▶ Stored data entries:
[Start of Attachment]

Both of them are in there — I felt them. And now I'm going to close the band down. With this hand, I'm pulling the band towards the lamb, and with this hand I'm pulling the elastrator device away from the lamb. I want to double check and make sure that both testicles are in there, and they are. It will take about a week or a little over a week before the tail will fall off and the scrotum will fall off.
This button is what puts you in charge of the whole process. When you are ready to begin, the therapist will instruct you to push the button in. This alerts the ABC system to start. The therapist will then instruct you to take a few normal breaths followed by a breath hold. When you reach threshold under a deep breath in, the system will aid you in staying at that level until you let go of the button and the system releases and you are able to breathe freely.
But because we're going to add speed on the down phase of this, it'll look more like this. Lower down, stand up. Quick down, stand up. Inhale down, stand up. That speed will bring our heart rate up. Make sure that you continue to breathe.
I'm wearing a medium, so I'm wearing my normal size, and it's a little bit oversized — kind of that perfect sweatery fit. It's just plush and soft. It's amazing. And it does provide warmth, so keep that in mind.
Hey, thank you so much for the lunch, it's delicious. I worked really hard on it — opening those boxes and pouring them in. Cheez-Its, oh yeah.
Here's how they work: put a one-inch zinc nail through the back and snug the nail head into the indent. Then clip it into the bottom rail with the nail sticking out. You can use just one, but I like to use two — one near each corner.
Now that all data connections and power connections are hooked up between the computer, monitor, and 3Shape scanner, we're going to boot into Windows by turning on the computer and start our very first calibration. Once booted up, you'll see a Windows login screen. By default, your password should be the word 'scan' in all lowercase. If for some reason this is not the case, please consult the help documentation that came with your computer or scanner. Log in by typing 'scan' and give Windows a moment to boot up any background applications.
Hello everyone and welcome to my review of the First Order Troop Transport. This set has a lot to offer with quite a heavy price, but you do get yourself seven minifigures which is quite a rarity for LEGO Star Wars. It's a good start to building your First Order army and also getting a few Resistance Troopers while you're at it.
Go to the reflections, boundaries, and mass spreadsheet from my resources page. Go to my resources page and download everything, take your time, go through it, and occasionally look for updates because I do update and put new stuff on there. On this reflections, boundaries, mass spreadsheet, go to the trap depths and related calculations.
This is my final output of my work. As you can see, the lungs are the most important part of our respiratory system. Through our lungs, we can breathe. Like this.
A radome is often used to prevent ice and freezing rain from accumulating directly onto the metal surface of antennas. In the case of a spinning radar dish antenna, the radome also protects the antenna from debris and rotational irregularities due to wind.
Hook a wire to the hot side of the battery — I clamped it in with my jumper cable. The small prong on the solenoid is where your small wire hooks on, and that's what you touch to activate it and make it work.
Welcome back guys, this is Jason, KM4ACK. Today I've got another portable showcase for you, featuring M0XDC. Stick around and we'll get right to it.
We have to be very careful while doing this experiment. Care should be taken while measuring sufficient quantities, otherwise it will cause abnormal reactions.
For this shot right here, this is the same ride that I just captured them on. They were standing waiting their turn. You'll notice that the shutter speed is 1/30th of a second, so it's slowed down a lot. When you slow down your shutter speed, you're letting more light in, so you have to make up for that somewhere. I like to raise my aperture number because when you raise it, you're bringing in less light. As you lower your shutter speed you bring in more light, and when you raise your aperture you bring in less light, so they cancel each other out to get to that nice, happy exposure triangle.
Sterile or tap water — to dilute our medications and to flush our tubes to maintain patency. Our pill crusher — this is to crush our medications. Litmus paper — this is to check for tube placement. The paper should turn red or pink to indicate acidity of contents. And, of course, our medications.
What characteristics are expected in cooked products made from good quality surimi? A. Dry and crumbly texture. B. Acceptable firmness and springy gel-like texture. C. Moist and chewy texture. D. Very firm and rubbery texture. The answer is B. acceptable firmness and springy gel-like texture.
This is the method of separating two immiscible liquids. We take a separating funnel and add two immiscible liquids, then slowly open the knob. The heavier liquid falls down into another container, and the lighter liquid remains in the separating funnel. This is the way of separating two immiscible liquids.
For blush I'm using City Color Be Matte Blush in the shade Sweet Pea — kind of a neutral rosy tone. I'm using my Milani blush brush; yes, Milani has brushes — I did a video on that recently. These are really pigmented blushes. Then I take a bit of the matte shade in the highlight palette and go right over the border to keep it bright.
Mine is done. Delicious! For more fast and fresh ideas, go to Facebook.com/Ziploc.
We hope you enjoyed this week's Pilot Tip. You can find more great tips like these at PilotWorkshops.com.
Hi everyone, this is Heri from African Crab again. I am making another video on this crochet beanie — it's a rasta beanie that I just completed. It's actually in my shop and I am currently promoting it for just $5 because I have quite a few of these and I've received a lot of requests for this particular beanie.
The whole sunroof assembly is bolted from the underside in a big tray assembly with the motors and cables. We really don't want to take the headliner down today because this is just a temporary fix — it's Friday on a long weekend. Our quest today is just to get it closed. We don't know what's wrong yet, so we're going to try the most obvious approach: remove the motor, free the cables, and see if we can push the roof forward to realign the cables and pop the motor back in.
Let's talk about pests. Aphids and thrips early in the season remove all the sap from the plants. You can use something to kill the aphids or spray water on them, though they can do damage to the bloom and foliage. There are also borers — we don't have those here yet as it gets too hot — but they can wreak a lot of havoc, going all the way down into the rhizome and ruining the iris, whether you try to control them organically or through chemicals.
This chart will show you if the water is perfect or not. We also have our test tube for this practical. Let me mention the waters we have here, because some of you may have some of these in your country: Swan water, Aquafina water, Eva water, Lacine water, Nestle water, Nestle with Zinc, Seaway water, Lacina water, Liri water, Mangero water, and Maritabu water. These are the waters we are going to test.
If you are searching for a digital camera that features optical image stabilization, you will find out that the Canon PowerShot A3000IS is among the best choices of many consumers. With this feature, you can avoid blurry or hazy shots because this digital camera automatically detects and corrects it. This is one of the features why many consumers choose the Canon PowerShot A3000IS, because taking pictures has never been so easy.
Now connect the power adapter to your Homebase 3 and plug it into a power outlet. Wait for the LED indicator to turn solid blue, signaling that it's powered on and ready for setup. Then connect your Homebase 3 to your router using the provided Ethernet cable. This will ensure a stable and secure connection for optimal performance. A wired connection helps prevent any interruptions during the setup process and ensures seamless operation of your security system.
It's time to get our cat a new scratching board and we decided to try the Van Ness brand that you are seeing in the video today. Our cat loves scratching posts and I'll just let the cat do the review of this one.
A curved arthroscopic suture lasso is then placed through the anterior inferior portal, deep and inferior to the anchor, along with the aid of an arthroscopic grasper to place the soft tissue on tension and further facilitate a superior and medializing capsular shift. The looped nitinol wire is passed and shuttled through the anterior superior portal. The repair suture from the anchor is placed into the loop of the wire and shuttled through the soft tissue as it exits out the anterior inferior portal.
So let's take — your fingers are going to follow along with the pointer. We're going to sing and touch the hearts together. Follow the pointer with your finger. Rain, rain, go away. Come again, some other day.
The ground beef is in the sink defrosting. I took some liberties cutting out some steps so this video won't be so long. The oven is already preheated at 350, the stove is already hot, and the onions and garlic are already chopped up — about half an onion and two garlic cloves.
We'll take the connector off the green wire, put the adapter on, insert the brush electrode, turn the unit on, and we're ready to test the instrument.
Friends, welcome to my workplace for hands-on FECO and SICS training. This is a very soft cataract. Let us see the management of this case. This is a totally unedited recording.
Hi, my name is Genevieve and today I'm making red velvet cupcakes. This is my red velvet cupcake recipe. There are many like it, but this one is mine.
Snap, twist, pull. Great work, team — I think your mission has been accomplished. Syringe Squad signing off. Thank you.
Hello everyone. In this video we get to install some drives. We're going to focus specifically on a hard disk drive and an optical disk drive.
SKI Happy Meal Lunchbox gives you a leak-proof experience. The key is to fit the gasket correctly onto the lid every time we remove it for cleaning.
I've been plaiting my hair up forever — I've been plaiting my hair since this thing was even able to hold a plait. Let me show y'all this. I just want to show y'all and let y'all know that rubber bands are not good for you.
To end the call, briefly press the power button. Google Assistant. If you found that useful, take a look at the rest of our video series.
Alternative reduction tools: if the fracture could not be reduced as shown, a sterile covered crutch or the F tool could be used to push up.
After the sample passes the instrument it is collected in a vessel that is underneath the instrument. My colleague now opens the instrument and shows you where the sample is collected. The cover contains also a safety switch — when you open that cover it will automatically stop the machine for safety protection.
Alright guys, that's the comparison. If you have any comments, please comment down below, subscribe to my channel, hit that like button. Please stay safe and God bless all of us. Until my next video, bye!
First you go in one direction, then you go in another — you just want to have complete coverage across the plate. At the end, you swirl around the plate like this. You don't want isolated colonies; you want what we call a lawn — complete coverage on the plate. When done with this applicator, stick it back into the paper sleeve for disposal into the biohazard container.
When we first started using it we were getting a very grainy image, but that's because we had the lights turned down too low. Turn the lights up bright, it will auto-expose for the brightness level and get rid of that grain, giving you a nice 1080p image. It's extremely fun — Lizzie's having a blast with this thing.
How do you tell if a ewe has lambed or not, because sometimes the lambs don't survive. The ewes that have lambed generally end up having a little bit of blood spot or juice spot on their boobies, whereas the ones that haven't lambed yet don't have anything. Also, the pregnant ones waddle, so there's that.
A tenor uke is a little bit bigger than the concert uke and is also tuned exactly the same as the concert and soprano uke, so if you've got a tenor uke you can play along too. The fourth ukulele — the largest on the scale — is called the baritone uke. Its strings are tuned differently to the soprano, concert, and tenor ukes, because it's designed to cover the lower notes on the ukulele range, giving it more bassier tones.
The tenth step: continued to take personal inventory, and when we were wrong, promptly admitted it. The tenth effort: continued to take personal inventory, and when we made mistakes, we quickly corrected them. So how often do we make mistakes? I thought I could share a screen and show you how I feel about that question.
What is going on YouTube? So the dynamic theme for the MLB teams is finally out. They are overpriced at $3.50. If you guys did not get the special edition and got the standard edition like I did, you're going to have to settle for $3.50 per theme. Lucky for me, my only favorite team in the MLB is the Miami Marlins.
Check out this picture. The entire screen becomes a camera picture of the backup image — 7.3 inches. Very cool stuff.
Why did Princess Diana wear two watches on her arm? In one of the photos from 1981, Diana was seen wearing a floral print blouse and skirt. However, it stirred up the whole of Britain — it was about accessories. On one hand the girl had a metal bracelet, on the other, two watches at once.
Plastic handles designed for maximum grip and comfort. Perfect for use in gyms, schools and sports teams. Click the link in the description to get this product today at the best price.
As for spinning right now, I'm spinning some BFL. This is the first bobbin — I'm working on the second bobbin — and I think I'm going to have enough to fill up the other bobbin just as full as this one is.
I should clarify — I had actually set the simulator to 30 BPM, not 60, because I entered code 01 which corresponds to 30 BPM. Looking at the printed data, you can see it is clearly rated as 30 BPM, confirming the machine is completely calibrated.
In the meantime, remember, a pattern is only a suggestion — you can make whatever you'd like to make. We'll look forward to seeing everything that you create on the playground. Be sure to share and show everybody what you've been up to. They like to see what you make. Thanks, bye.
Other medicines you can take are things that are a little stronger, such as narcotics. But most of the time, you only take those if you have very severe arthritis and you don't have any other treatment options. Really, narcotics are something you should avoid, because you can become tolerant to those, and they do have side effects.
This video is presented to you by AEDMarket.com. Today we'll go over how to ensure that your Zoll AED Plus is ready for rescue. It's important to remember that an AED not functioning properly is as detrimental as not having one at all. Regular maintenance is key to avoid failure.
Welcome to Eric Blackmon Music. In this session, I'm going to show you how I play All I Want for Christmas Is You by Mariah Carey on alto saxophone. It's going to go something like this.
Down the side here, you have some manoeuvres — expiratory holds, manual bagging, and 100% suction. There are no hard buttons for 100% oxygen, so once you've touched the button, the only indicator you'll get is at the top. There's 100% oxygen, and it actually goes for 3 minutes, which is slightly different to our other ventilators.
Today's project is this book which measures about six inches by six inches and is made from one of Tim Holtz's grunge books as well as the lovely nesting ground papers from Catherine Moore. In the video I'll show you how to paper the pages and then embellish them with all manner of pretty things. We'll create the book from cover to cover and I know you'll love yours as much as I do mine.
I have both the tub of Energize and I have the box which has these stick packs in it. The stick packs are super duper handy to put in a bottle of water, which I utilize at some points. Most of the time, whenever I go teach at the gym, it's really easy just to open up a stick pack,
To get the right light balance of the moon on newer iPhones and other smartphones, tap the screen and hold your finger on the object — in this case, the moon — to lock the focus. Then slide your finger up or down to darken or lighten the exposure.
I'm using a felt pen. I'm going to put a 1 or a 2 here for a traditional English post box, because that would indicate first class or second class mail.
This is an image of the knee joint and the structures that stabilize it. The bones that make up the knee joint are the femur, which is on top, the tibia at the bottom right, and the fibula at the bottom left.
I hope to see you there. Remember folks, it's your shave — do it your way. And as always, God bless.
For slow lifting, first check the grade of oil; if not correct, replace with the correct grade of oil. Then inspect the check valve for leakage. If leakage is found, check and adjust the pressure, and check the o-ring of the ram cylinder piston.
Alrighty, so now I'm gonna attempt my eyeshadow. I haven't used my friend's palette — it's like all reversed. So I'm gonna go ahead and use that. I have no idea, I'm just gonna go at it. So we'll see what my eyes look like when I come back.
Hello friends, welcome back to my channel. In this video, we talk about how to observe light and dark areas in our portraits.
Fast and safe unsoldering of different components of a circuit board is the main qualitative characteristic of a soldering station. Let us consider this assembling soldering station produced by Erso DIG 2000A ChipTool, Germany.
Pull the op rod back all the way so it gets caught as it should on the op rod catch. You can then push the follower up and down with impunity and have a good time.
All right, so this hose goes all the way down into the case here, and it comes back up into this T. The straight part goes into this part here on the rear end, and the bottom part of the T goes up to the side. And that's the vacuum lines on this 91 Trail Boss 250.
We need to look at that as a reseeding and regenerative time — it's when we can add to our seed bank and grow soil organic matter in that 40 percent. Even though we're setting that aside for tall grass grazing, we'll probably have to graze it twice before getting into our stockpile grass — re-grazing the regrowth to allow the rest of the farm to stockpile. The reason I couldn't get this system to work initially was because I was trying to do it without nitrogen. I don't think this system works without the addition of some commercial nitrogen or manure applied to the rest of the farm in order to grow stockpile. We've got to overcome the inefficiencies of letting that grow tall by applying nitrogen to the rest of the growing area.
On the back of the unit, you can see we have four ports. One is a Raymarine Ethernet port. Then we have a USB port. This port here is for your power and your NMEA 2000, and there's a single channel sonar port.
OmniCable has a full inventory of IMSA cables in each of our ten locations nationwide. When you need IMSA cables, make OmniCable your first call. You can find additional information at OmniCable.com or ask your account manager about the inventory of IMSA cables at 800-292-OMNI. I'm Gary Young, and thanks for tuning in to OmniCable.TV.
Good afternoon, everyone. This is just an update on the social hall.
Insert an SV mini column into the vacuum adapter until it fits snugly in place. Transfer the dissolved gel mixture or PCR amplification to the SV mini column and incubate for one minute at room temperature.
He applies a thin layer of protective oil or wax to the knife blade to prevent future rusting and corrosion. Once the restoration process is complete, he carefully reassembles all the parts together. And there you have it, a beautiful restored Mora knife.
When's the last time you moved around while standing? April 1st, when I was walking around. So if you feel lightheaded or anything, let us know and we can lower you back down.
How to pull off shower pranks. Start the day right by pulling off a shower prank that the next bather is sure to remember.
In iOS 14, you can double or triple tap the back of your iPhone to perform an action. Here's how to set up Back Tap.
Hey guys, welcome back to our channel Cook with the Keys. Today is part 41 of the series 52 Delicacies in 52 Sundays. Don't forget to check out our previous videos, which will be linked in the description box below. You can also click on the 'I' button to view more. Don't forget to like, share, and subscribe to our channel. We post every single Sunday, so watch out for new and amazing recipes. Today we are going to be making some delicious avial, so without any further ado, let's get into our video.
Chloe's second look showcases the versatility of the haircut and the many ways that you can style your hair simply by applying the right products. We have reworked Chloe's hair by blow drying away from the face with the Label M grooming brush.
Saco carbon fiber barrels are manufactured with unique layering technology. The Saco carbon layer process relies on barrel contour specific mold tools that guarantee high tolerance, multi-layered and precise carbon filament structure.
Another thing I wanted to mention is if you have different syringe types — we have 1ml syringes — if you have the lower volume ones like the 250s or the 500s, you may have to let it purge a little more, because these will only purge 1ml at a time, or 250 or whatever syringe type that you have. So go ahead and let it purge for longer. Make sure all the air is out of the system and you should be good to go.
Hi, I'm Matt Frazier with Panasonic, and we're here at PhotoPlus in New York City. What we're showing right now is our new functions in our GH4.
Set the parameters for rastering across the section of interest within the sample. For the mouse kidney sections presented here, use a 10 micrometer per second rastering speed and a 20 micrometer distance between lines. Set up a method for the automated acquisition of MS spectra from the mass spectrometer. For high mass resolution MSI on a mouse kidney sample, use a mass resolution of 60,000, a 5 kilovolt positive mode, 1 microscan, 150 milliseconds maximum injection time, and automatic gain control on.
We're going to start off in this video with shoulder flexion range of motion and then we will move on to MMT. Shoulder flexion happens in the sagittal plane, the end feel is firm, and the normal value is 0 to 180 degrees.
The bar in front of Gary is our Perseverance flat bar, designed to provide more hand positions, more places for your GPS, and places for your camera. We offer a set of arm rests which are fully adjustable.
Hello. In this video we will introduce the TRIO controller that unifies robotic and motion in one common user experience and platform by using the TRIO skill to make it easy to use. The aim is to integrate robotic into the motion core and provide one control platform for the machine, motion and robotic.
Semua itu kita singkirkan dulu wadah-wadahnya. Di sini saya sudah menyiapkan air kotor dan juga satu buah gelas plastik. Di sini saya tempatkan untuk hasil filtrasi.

[End of Attachment]

▶ Your goal: The answer is the run of lines above from the line containing "Hey guys, welcome" through the line containing "Saco carbon fiber", copied exactly and alone.

▶ Solution below:
Hey guys, welcome back to our channel Cook with the Keys. Today is part 41 of the series 52 Delicacies in 52 Sundays. Don't forget to check out our previous videos, which will be linked in the description box below. You can also click on the 'I' button to view more. Don't forget to like, share, and subscribe to our channel. We post every single Sunday, so watch out for new and amazing recipes. Today we are going to be making some delicious avial, so without any further ado, let's get into our video.
Chloe's second look showcases the versatility of the haircut and the many ways that you can style your hair simply by applying the right products. We have reworked Chloe's hair by blow drying away from the face with the Label M grooming brush.
Saco carbon fiber barrels are manufactured with unique layering technology. The Saco carbon layer process relies on barrel contour specific mold tools that guarantee high tolerance, multi-layered and precise carbon filament structure.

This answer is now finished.